### Work required
Without any pictures, print the lines below from the one that has "Satılır 3 otaqlı" through the one that has "Falda midi negra", exactly and nothing else.

### Input
-------------------------

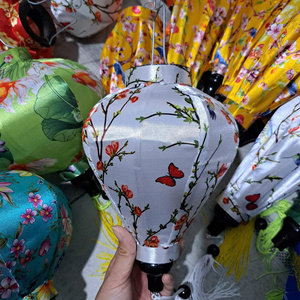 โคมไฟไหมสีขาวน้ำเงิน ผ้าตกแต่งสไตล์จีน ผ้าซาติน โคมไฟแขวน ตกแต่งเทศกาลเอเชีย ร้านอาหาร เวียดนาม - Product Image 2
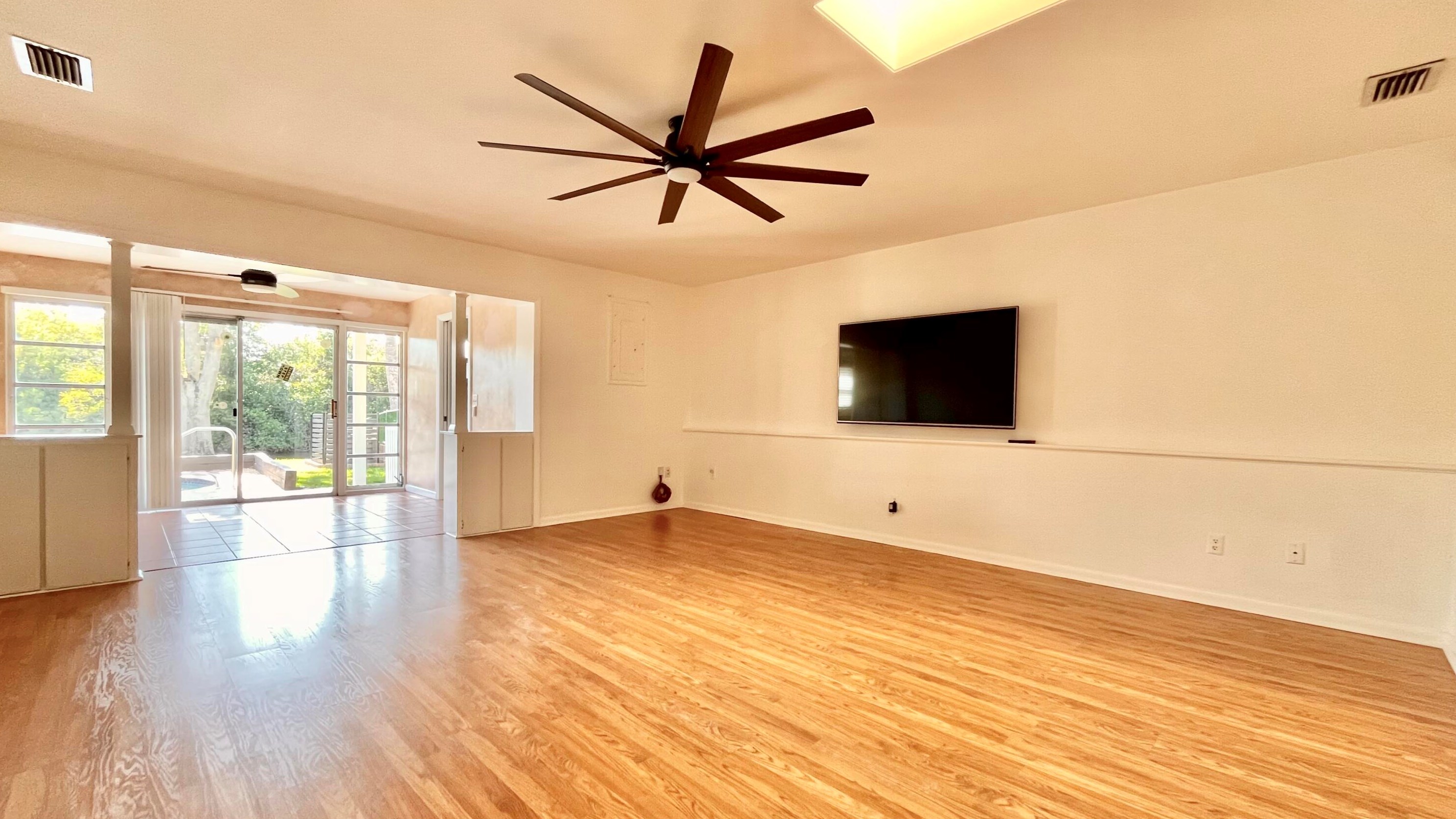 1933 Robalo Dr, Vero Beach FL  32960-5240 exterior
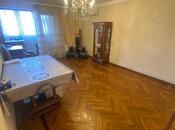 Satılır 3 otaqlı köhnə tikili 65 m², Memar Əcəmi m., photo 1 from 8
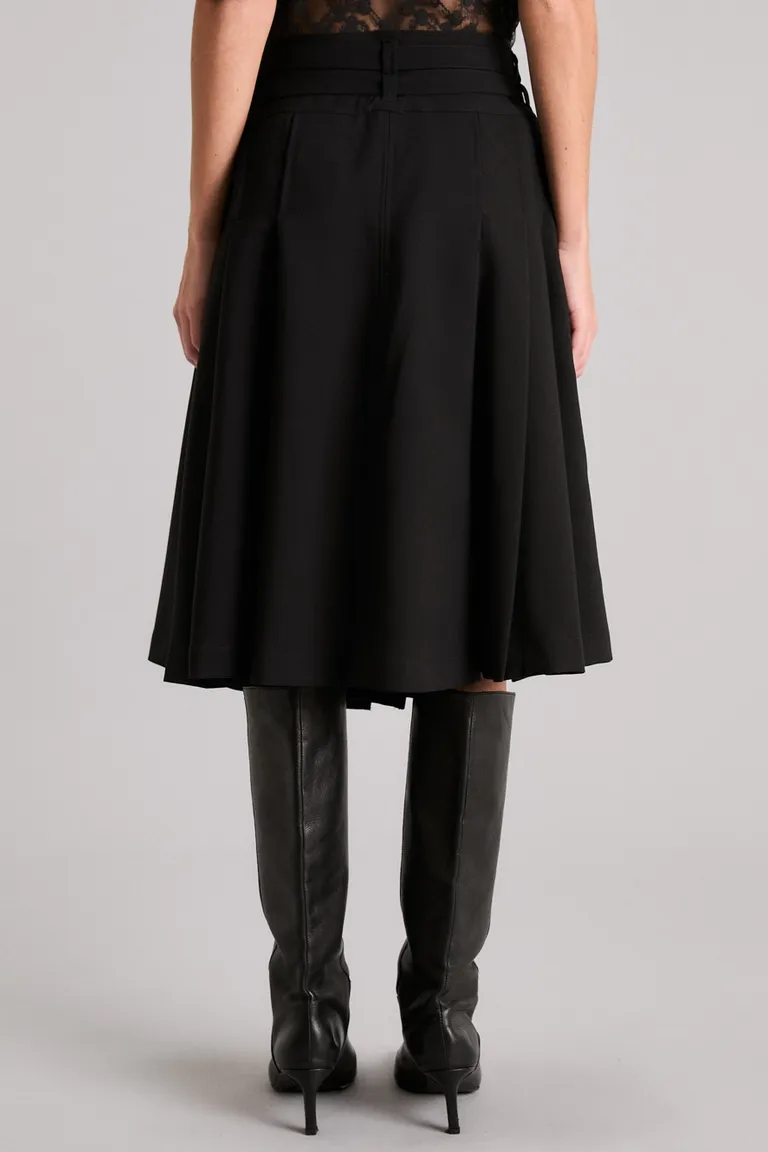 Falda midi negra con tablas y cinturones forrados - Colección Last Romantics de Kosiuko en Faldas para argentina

-------------------------

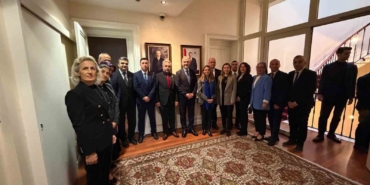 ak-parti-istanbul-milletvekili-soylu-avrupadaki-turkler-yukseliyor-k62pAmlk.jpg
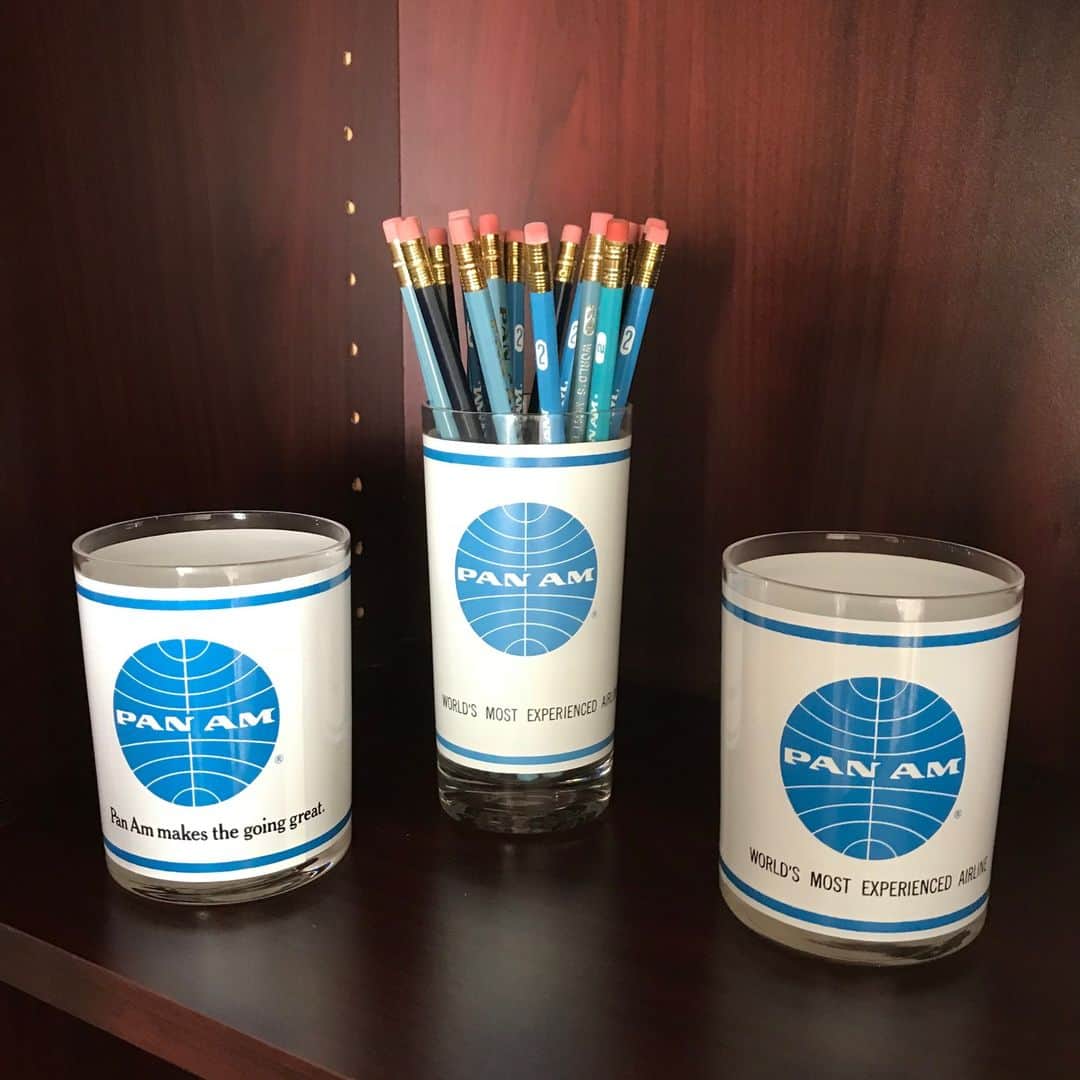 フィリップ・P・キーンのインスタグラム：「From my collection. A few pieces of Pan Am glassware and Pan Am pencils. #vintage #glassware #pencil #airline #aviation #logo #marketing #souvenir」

-------------------------

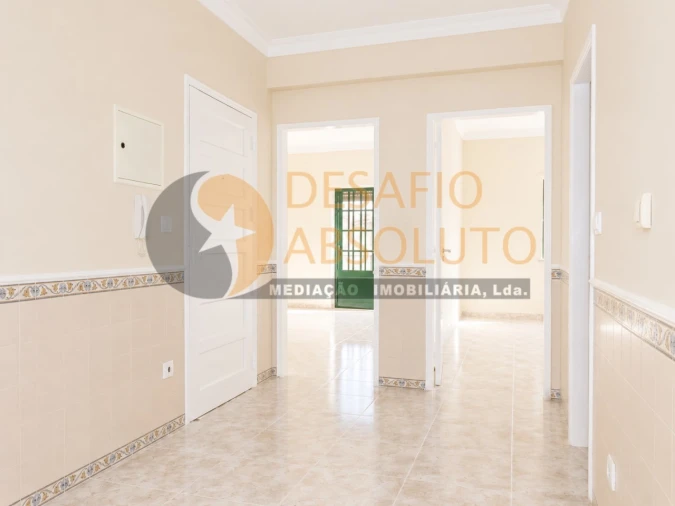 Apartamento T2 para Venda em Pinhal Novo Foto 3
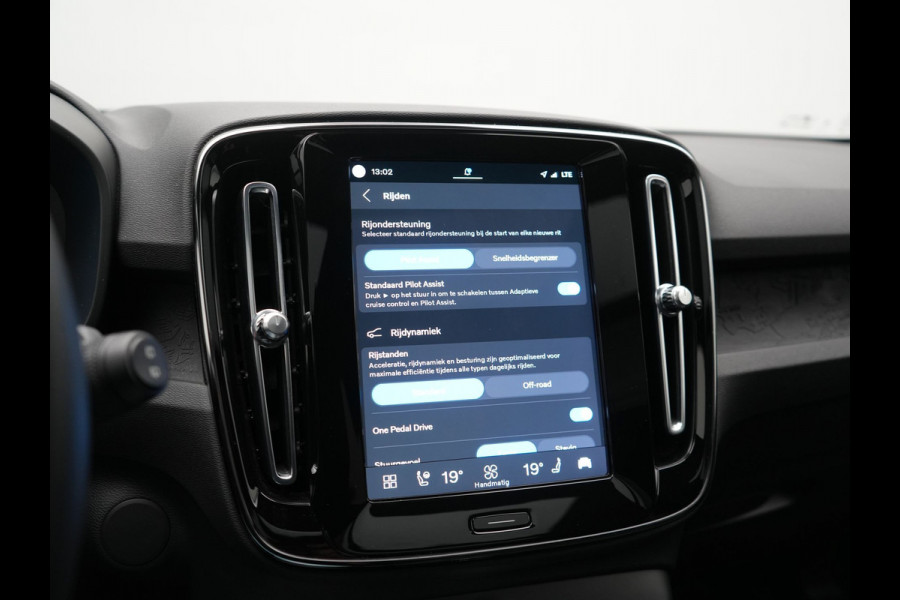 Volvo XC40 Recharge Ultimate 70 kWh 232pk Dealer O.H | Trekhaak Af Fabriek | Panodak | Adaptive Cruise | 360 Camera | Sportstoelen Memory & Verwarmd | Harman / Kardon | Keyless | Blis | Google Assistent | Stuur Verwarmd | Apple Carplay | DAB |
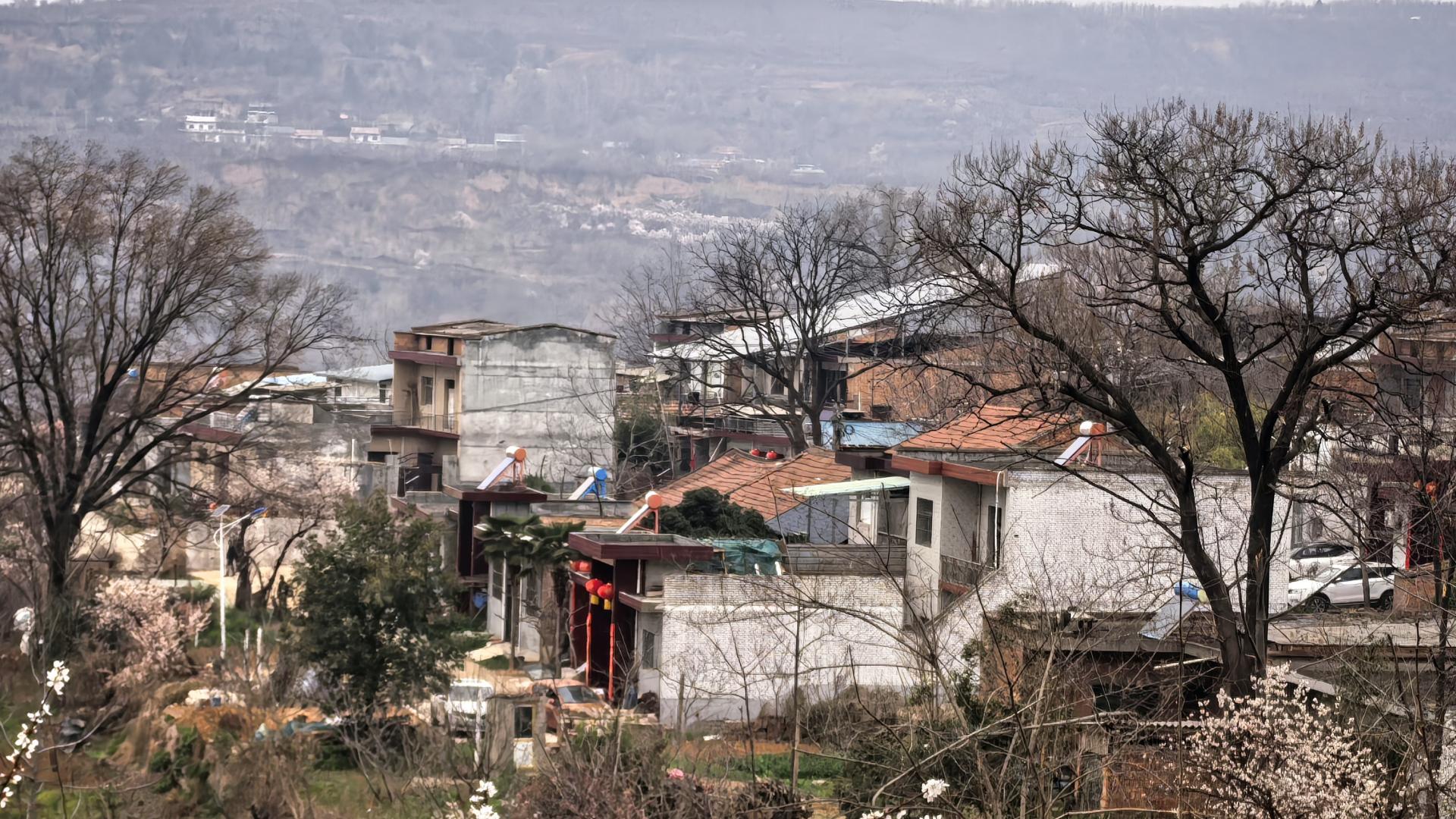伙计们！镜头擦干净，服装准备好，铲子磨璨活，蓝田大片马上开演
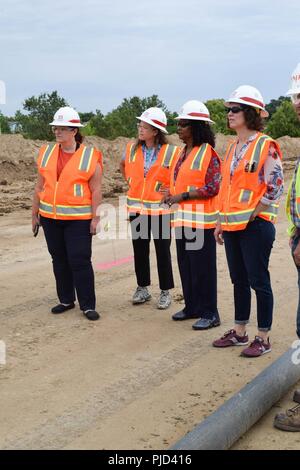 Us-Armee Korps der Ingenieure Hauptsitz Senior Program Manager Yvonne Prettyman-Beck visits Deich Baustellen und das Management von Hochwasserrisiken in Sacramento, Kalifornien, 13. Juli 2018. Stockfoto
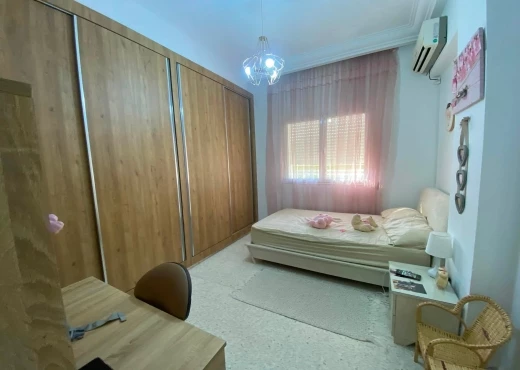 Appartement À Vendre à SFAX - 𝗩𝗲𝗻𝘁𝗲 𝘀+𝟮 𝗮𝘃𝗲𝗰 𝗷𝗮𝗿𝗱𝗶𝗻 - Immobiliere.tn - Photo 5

-------------------------

### Answer box
 Satılır 3 otaqlı köhnə tikili 65 m², Memar Əcəmi m., photo 1 from 8
 Falda midi negra con tablas y cinturones forrados - Colección Last Romantics de Kosiuko en Faldas para argentina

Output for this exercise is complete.